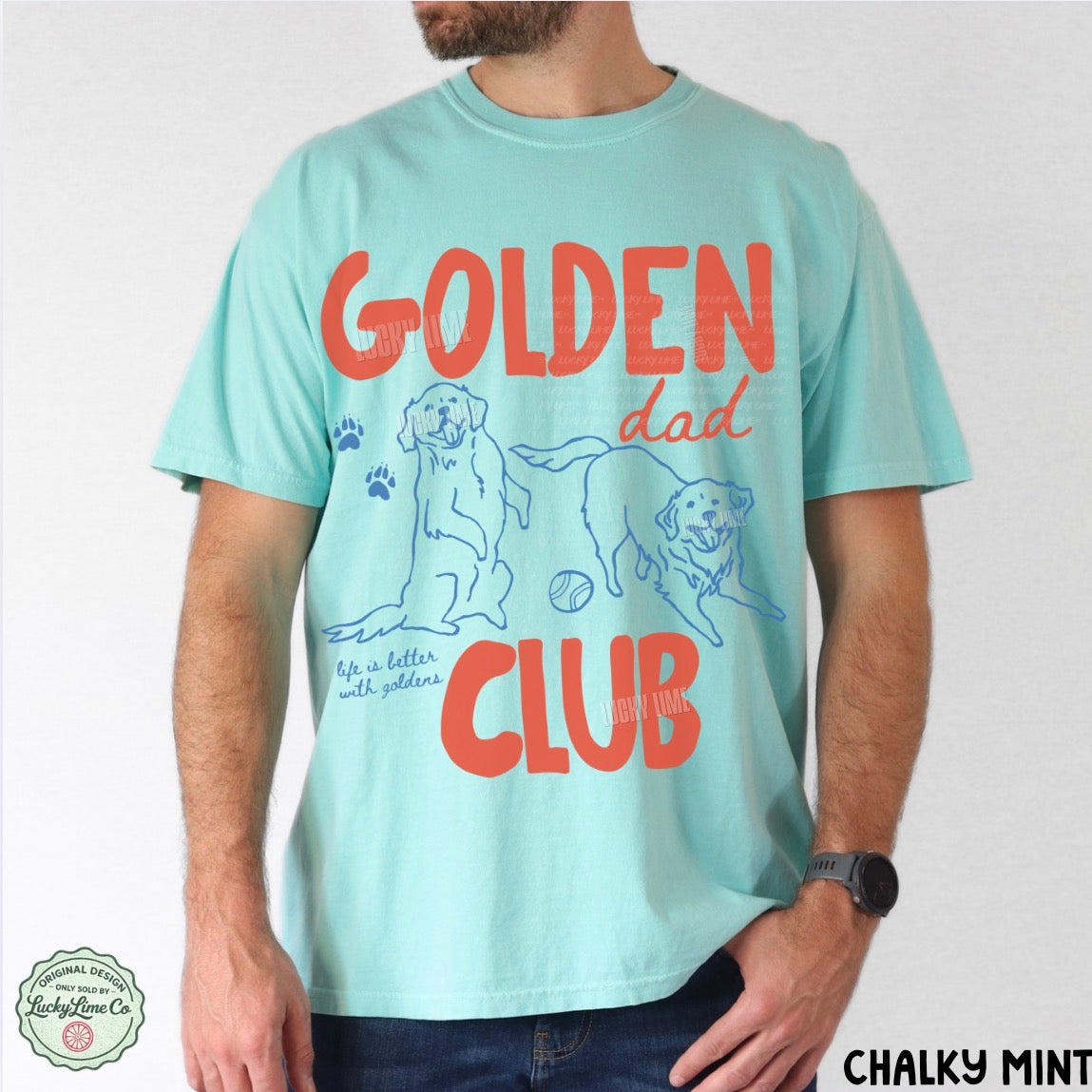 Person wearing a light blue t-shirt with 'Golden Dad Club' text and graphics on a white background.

===

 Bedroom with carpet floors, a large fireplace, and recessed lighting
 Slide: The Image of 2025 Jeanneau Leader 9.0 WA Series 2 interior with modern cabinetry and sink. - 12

===

> _REQUIREMENT_
Retype the portion of the data above that starts on the line with "Bedroom with carpet" and finishes on the line with "Slide: The Image", including both of those lines.

> _COMPLETED TASK_
 Bedroom with carpet floors, a large fireplace, and recessed lighting
 Slide: The Image of 2025 Jeanneau Leader 9.0 WA Series 2 interior with modern cabinetry and sink. - 12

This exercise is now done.